シンガポールで幼児教育」の風潮が高まりつつあるこの頃。確かに世界有数の教育環境だとは思いますが、あくまでそれは多様な選択肢の一つだと思うので、今日は個人的な考えを書いておきます。

ちなみに私はシンガポールで子育てをし現地の幼稚園に通わせていましたが、自分のキャリアチェンジとともにバンコクに引っ越しました。今後はしばらくバンコクにいるつもりですが、こちらも子育て環境としては十分な魅力があると今のところ感じています。

よく言われる子育て場所としてのシンガポールの特徴は「英語環境」「教育先進国」「多様性」ではないかと思います。それぞれ思うことを書いてみます。

まず英語環境についてですが、英語で学べる環境はほかのアジアのメジャーな都市であれば手に入ります。バンコクでもインター校は山ほどありますし、また習い事だって英語で受けられます。シンガポールが優れているとすれば、中国語も学べるという事です。投資家のジム・ロジャースのようにネイティブクラスの中国語が絶対に大切と信じるのであれば、シンガポールか香港を選ぶのは良いと思います。

教育先進国という点ですが、大学のレベルは確かに違うと思いますが、初等教育であれば一流のインター校に入れておけば大差はないのではないかと思います。どの主要都市にも米国系、英国系のインター校はありますから、基本的には本国のカリキュラムに則って行われます。アジアの主要都市であればそれなりの数のExpatがいますから、クラスメートも多国籍でレベルの高い生徒だと思います。シンガポールだけが決してそうとは思いません。逆にシンガポールのインター校は信じられないくらい高額ですから、コストパフォーマンスで言えばどちらが高いわかりません。

最後に多様性ですが、シンガポールは本当に多様性の国なのかどうか?については私はやや疑問です。確かに移民国家でですので、いろいろなオリジンの人と触れ合えるという意味ではそうですが、上述のインター校に行けばどの都市でも、白人アジア人、様々な国籍の友達と机を並べて学ぶ経験は手に入ります。むしろ私がシンガポールで感じたのは、単一的なカルチャーです。シンガポール人は「シンガポーリアン」というアイデンティティを教育段階で与えられ、能力至上主義の中で効率性を重視して教育されるため、考え方がとても似通っています。また国土も狭く娯楽や文化活動も少ないため人々の嗜好の幅も狭くなりがちです。例えばショッピングモールはどこに行っても同じような店が並んでいますが、提供者も顧客もその状況に違和感を覚えません。果たしてこの環境で、新しく価値を作り出せる人が生まれてくるのだろうか?というのが日本人の私が持った率直な印象です。

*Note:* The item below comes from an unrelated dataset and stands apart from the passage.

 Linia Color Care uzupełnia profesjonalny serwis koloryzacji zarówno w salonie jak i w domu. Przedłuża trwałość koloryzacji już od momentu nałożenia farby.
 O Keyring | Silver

教育とは、どれだけ多様な、また質の高い刺激を受けるのかで決まります。そしてそれはまた、必ずしも学校からだけ与えられるものではありません。むしろその国が背負う文化や歴史からにじみ出る、土地のDNAのようなものが最も強い教育刺激だと思います。街にアートがあふれるパリに育てば自然と感受性は育ちますし、歴史的に歌や踊りが得意なタイに育ったタイ人はエンターテイメントのDNAが備わっています。シンガポールは、日本で例えればお台場や豊洲のような、だれも住んでいないところに後から作った都市国家ですから、その土地に宿ったDNAというものがありません。これは教育を行う場所としてのシンガポールの弱みなのではないかと思うのです。

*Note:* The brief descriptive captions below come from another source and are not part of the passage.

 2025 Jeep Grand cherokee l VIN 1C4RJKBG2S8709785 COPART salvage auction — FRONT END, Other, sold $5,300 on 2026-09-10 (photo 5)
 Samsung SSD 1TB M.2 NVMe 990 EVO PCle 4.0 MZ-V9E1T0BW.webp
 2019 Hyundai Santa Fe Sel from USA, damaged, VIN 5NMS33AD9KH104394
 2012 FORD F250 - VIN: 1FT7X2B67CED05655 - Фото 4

繰り返しますが、シンガポールが世界有数の教育を受けられる場所であることは間違いありません。クラスメートも比較的優秀でしょう。ただお金もかかりますし、シンガポール「だけ」がその環境を提供できるわけではないと思います。また日本人にとっては、日本で、日本の豊かな文化を吸収しながら子供を育てるという選択肢を捨てることになります。確かにシンガポールに育った結果として国際感覚のある人にはなると思いますが、国際人になることは目的ではなくて、おそらく手段です。その先にある、どういう人間性を持った人物に自分の子供になってもらいたいのか、という事を考えながら、教育する場所を選択する必要があると思います。